[[ Entries shown, beginning ]]
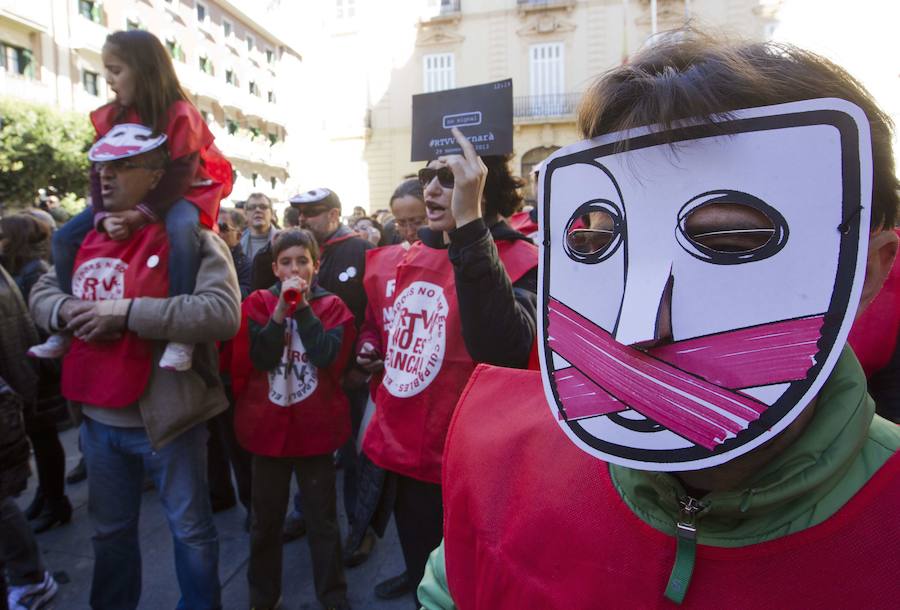 CCOO se suma a la demanda de CGT contra el ERE de RTVV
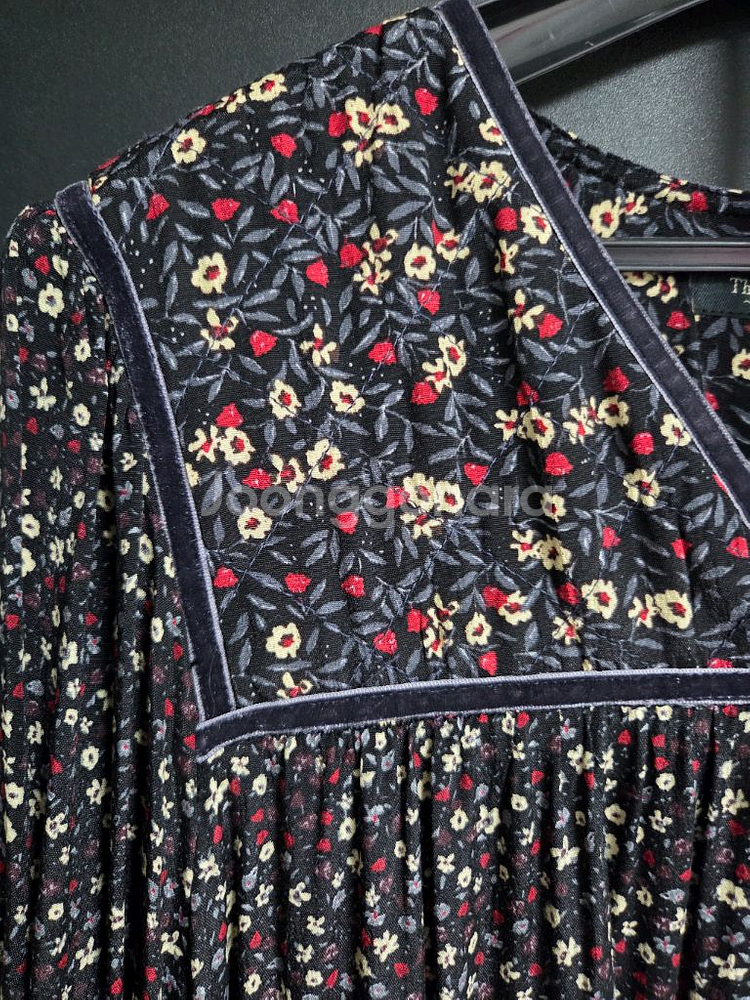 써스데이아일랜드 프린트 원피스ㅡ정품 가격내림--8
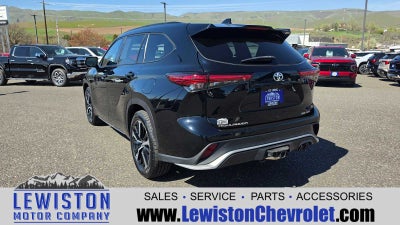 2021 Toyota Highlander XSE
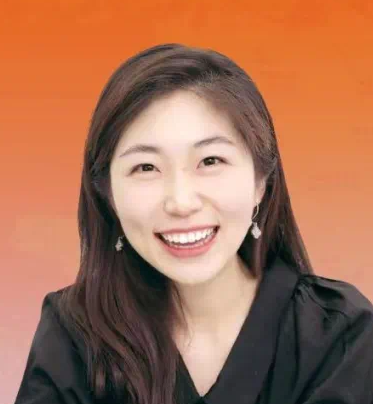 Vivi He (何维)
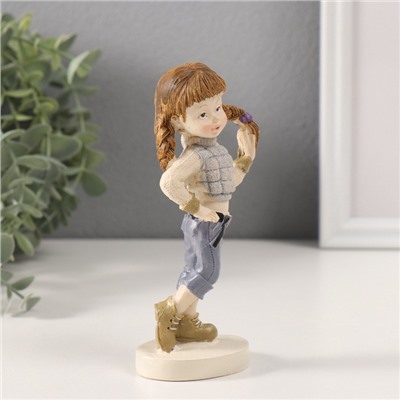 Фигурка полистоун «Девочка модница», 13×5.5×4 см, МИКС
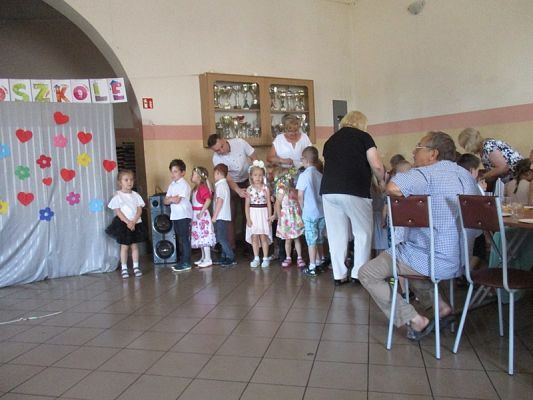 Grafika #21: Uroczyste pożegnanie Starszaków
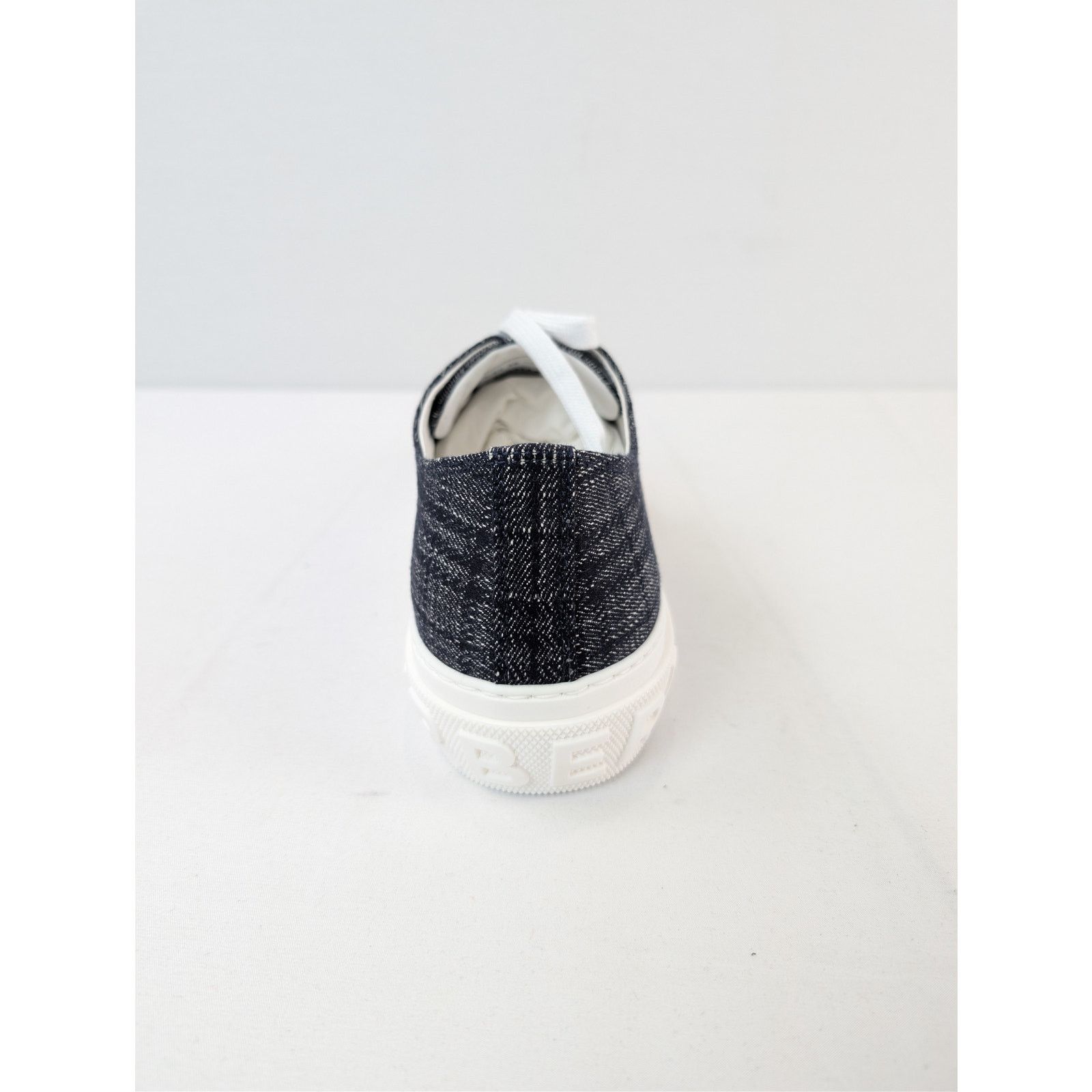 Burberry o1rshd1 Jack Check denim low-top sneakers white rubber sole Size US 12 / EU 45 - 17 Thumbnail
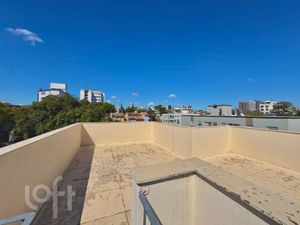 Image 13 - 896682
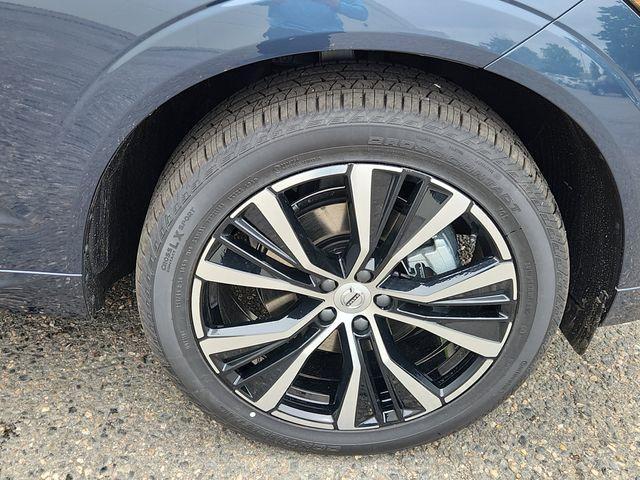 new 2025 Volvo XC60 car, priced at $54,545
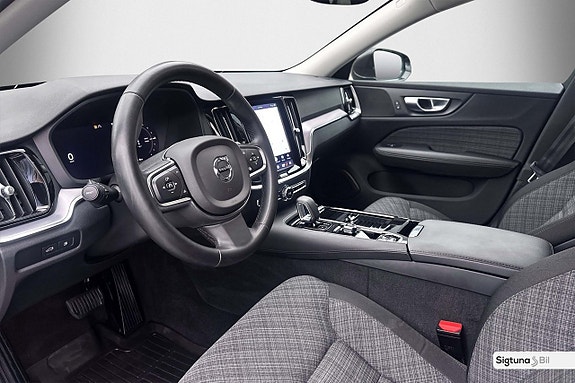 Volvo V60 11 of 30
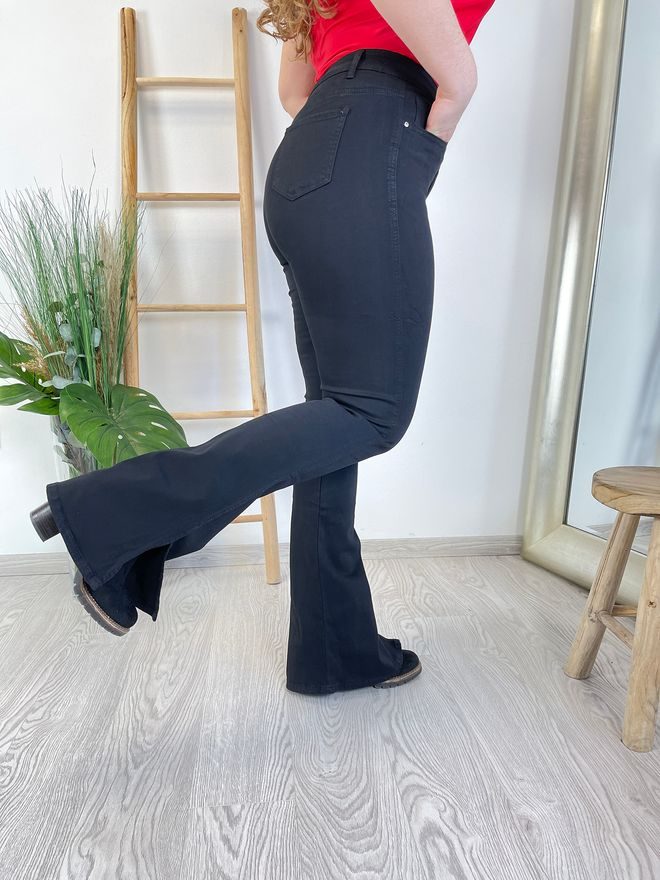 Flare džíny s rozparky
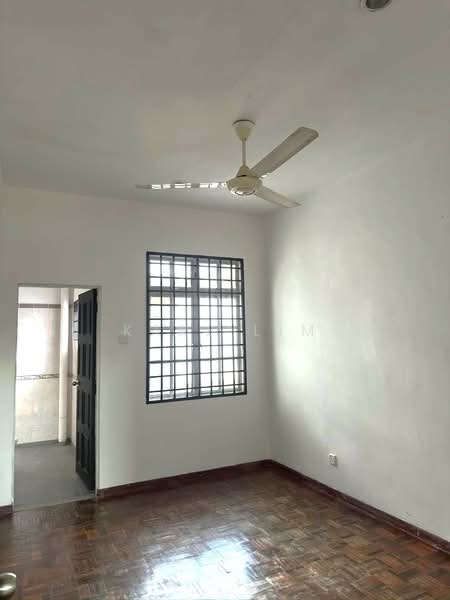 1.5-storey Terraced House for Sale in Bandar Seri Alam (Masai) - Karl Lim - Interior - PropertyGuru.com.my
[[ Entries shown, end ]]
## Exercise
Leave out the pictures, and retype exactly the lines from the one containing "써스데이아일랜드 프린트 원피스ㅡ정품 가격내림--8" through the final line of the data.

## Answer section
 써스데이아일랜드 프린트 원피스ㅡ정품 가격내림--8
 2021 Toyota Highlander XSE
 Vivi He (何维)
 Фигурка полистоун «Девочка модница», 13×5.5×4 см, МИКС
 Grafika #21: Uroczyste pożegnanie Starszaków
 Burberry o1rshd1 Jack Check denim low-top sneakers white rubber sole Size US 12 / EU 45 - 17 Thumbnail
 Image 13 - 896682
 new 2025 Volvo XC60 car, priced at $54,545
 Volvo V60 11 of 30
 Flare džíny s rozparky
 1.5-storey Terraced House for Sale in Bandar Seri Alam (Masai) - Karl Lim - Interior - PropertyGuru.com.my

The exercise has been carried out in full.